血管とリンパ管は、別々のネットワークを全身に張り巡らせ、それぞれ独自の機能を発揮します。両者は、最終合流地点である頸部の静脈角まで一切接続すること無く、各々が独立したネットワークを形成します。しかしながら、血管とリンパ管、特に静脈とリンパ管の特徴・構造はほとんど見分けがつかないほど酷似しており、両者がお互いをどのように見分け、独立性を担保しているのかは、古くからの疑問として残されてきました。

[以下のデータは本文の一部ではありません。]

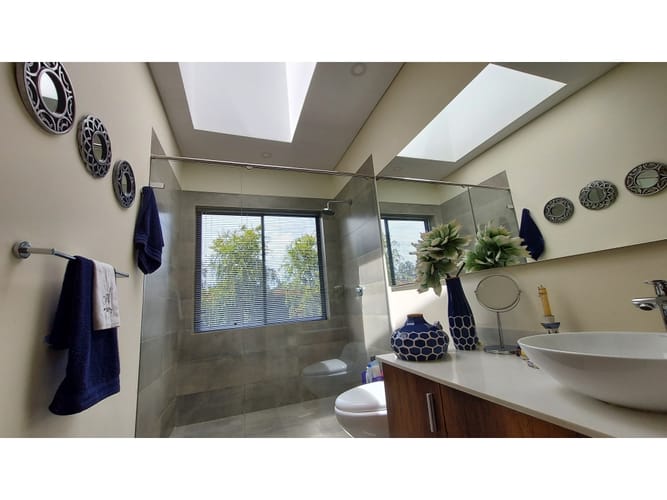 Casa de 3 alcobas en venta en Villa Turbay, Envigado, 374 m² · foto 16 de 22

慶應義塾大学医学部解剖学教室の田井育江専任講師、久保田義顕教授らは、同内科学(循環器)教室、同外科学(一般・消化器)教室、同形成外科学教室、同先端医科学研究所、横浜市立大学、熊本大学、米国NIHなどとの共同研究で明らかにしました。
今回、多発性肺嚢胞、腎がん、線維毛包種などを典型的症状とするBirt-Hogg-Dube(BHD)症候群の原因遺伝子として知られるフォリクリン(Flcn)に関し、これを血管内皮細胞で欠失させると、血管のところどころで「リンパ管もどき静脈内皮細胞」が生じ、血管がリンパ管を接続すべき対象と誤認識してしまうことを見出しました。
今回の結果は、がんの外科治療などの後遺症として起こるリンパ浮腫に対する治療への発展の可能性を秘めます。リンパ浮腫においては、リンパ節郭清の結果、リンパの還流機能が低下し上肢・下肢に深刻な浮腫(むくみ)が生じますが、Flcnのシグナル経路に介入することで、局所で薬剤的に静脈-リンパ管シャントを創出できれば、リンパ浮腫の画期的治療になると考えます。
本研究成果は2020年12月9日(米国東部時間)の『Nature Communications』オンライン版に掲載されました。